Freeing Yourself to Focus on Your Strengths 

Sometimes we are our own worst enemies because we lack the ability to see ourselves as clearly as others do. We have a concept of who we want to be and what role we want to play, but that may not actually align with our strengths.  

I once worked with a product manager who was a brilliant strategist. She could take a difficult concept and simplify it, clearly and concisely, into a coherent strategy, but she struggled to get alignment with her manager, which was a cause of much frustration for her. I pushed for her to take a role in product strategy for months, but she resisted because she wanted to succeed as a PM.  

Ultimately she took the role, becoming the leader of our product strategy team. She has since thrived, getting promoted twice and running multiple new areas. Casting off her perceived identity as a PM and allowing herself to play to her strengths unlocked her career in ways she couldn’t previously imagine. Her superpower was obscured by her relationship with her manager and her role, which didn’t lend itself to her growth. Once she was free of that weight, she was able to soar. 

Breaking the Inertia of Getting Stuck

Throughout the process of interviewing amazing women leaders for my upcoming book, I noticed a common thread that ran through each of their experiences: They never let themselves get stuck. 

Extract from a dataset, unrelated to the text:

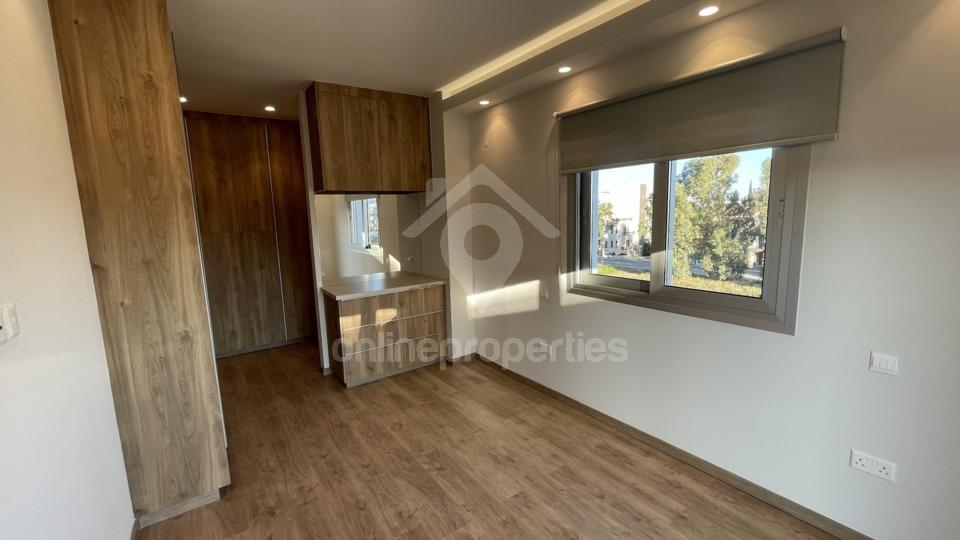 To change image, hover mouse over thumbnails below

I went through a period after my first child was born when I felt stuck, but I wasn’t sure what to do about it. I had handed my team off when I went on leave, and since it was in good hands, I came back and took a role in Corporate Strategy. I missed the hands-on nature of being in Product, so I built out the Charity and Social Commerce Verticals at PayPal, but I still felt stuck. 

So I quit. 

I told the VP I worked for that I was out. I wasn’t sure what I wanted to do, but I knew that after five years at PayPal, I was done. This broke the inertia I was experiencing, and I was soon offered a position at eBay leading the Buyer Experience. I jumped at the chance. That brought a whole new set of challenges and insights, and eventually led me to Facebook a couple of years later. 

Quitting put my career on a whole new trajectory. It forced me to explore something new and reignited my passion for working in tech.

Cutting Your Losses 

The sunk cost fallacy often holds us back. The logic goes, “I’ve already invested x years trying to get promoted to the next level, so what’s one more?” Maybe we have been promised the next big opportunity only to see it go to someone else, so we stay in line, waiting for it to pan out. Perhaps we have something we want to build or work on, and we keep telling ourselves it is right around the corner.  

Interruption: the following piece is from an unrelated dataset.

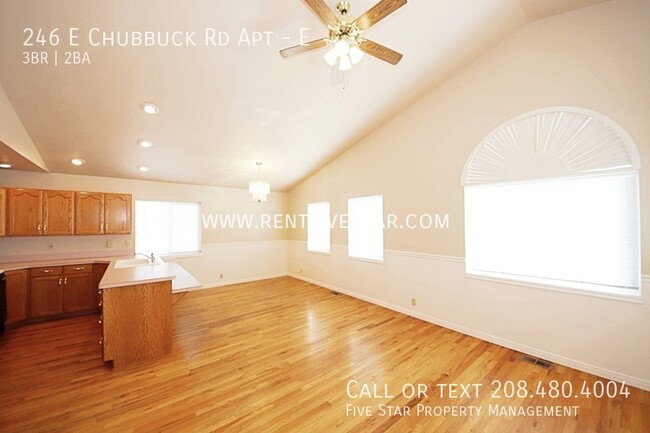 Building Photo - Large Apartment with Gorgeous Vaulted Ceil...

I often ask people who feel stuck in their roles, “Given what you know today, would you take this job, with this manager, at this company, under these circumstances again?” 

So many of them say no, yet every single day that they continue in their current job, they are really saying, “Yes, I would.” Quitting means saying no, cutting your losses, and giving yourself permission to start on a new path. 

Making conscious choices means actively thinking about where you are and what you value today. Those things can change over time. Your managers will change, or a company will grow from a small, intimate startup to a large corporation. Forcing yourself to evaluate where you are and whether this is still the path you want to follow can free you from overstaying and getting caught up in the sunk cost fallacy.  

Counting Opportunity Costs 

Every choice you make has a cost. In particular, whenever you say “yes” to something, you are implicitly saying “no” to something else, whether you realize it or not. Decisions have a price, and that price is opportunity cost. 

This goes beyond just your work and career.